**Exercise description:** A verbatim repetition of the data below is requested, without images.

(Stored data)
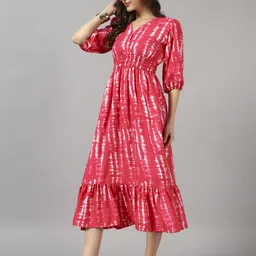 raiyani fashion Printed Crepe Stitched Anarkali Gown image 3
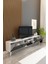Model Z 150 cm Tv Ünitesi – Dekoratif Raflı Televizyon Ünitesi Iki Kapaklı Modern Tv Sehpası | Televizyon Konsolu 2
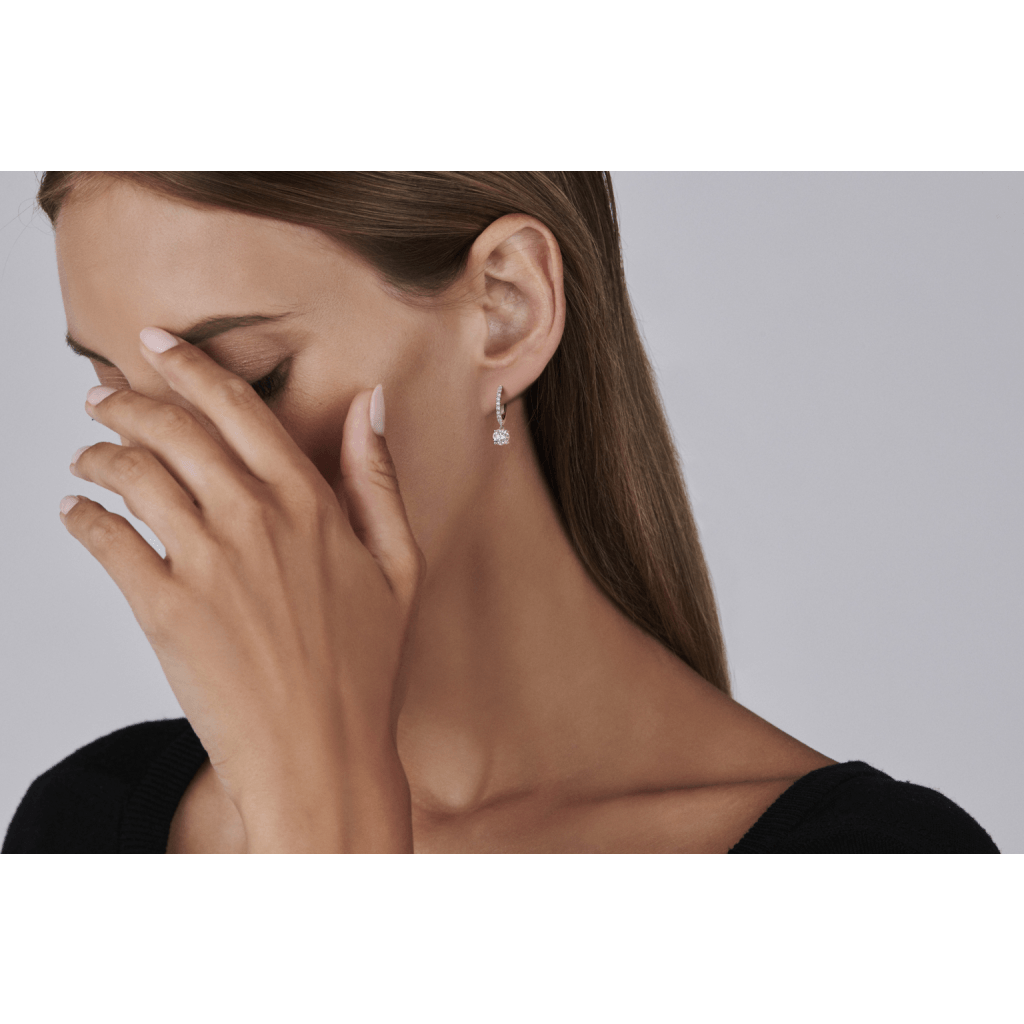 Royal Asscher Rose oorsieraad witgoud met diamant - E.222.RAB.18WG.1 GIA - #2 Royal Asscher Rose oorsieraad witgoud met diamant - E.222.RAB.18WG.1 GIA - #2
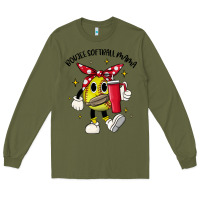 Army Green boujee softball mama Long Sleeve Tee - JahusDesignShop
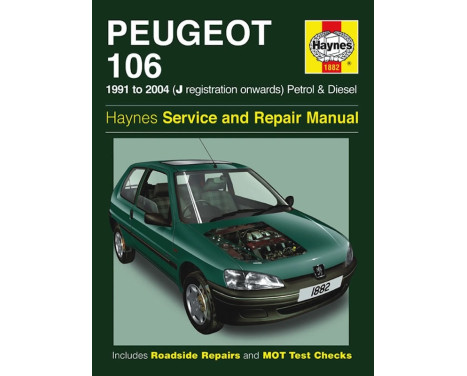 Haynes Workshop manual Peugeot 106 petrol & diesel (1991-2004)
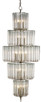 Currey and Company - 9311 - 18 Light Chandelier - Bevilacqua - Silver Leaf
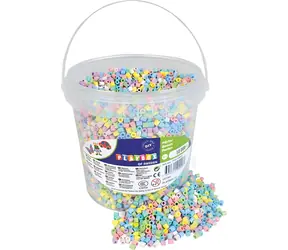 PLAYBOX Zažehlovací korálky pastelové v kbelíku / 10000 ks / O 5 mm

**Solved problem:**
 raiyani fashion Printed Crepe Stitched Anarkali Gown image 3
Model Z 150 cm Tv Ünitesi – Dekoratif Raflı Televizyon Ünitesi Iki Kapaklı Modern Tv Sehpası | Televizyon Konsolu 2
 Royal Asscher Rose oorsieraad witgoud met diamant - E.222.RAB.18WG.1 GIA - #2 Royal Asscher Rose oorsieraad witgoud met diamant - E.222.RAB.18WG.1 GIA - #2
 Army Green boujee softball mama Long Sleeve Tee - JahusDesignShop
 Haynes Workshop manual Peugeot 106 petrol & diesel (1991-2004)
 Currey and Company - 9311 - 18 Light Chandelier - Bevilacqua - Silver Leaf
 PLAYBOX Zažehlovací korálky pastelové v kbelíku / 10000 ks / O 5 mm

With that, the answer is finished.